What this task involves: Return the listing below exactly. Leave its pictures out.

Data segment:
****************************************
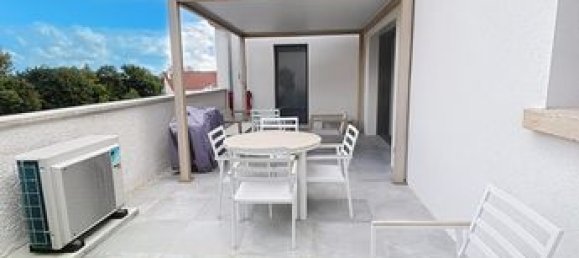 3 bedrooms Villa in Creches-sur-Saone, France No. 304105 2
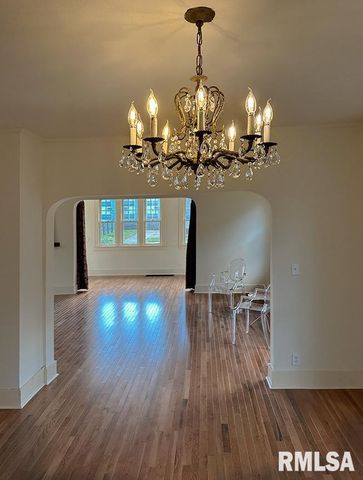 702 W CHERRY Street, Carbondale, IL 62901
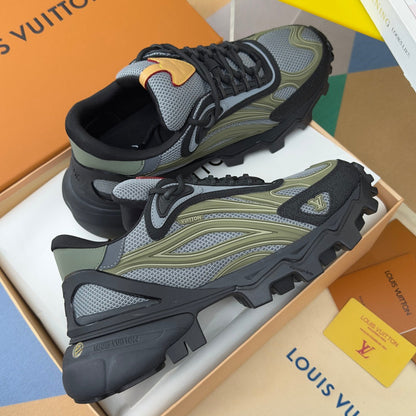 260521 New high-quality, soft and thick-soled outdoor sports shoes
****************************************
Answer area:
 3 bedrooms Villa in Creches-sur-Saone, France No. 304105 2
 702 W CHERRY Street, Carbondale, IL 62901
 260521 New high-quality, soft and thick-soled outdoor sports shoes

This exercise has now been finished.